═════ PROVIDED DATA
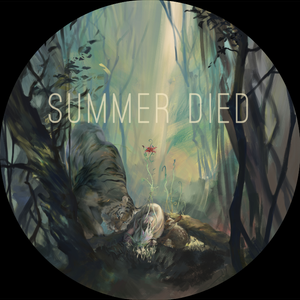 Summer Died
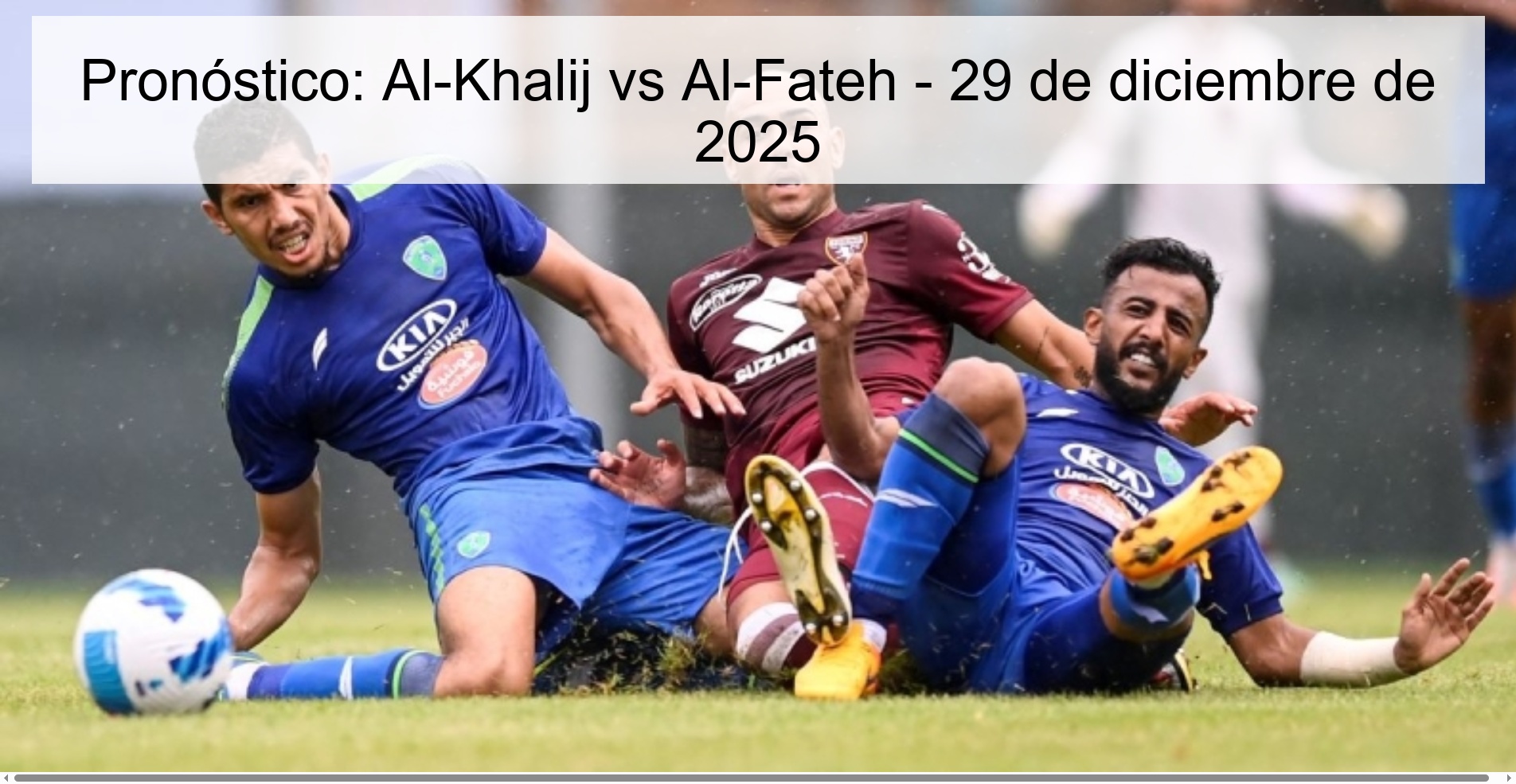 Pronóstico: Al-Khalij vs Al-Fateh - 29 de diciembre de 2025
══════════
═════ PROVIDED DATA
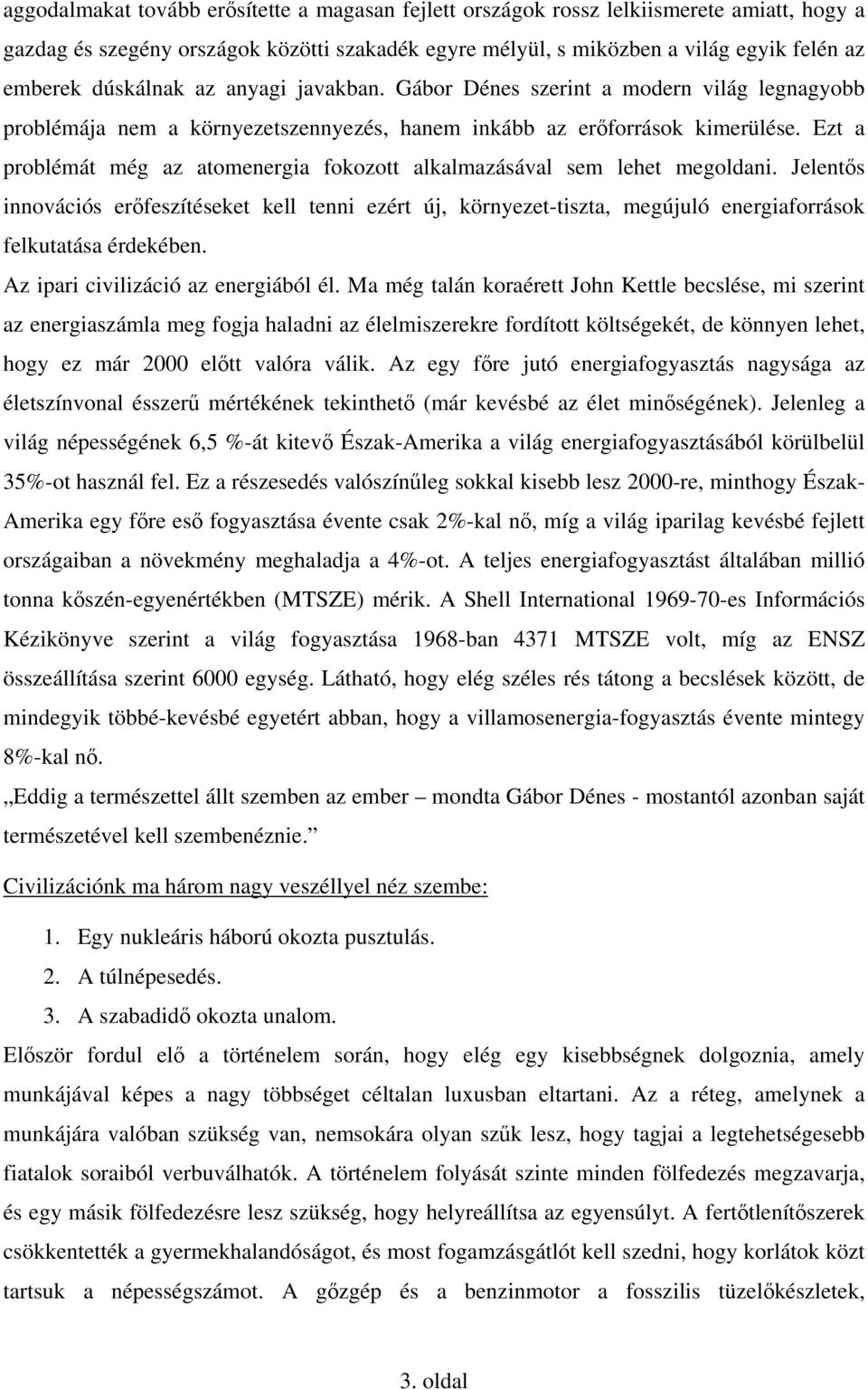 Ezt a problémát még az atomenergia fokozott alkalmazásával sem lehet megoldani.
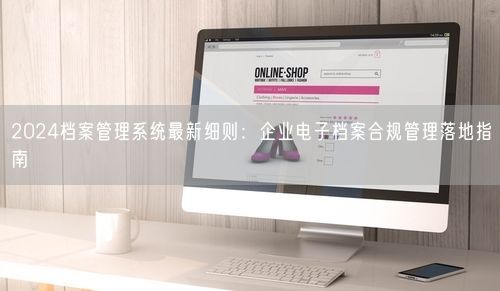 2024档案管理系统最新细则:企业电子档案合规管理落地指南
══════════
* [WHAT NEEDS TO BE DONE] Could you repeat, exactly, only the lines above starting at the one that has "Summer Died" and stopping after the one that has "Pronóstico: Al-Khalij vs", without the pictures?

* [OUTPUT OF THE TASK]
 Summer Died
 Pronóstico: Al-Khalij vs Al-Fateh - 29 de diciembre de 2025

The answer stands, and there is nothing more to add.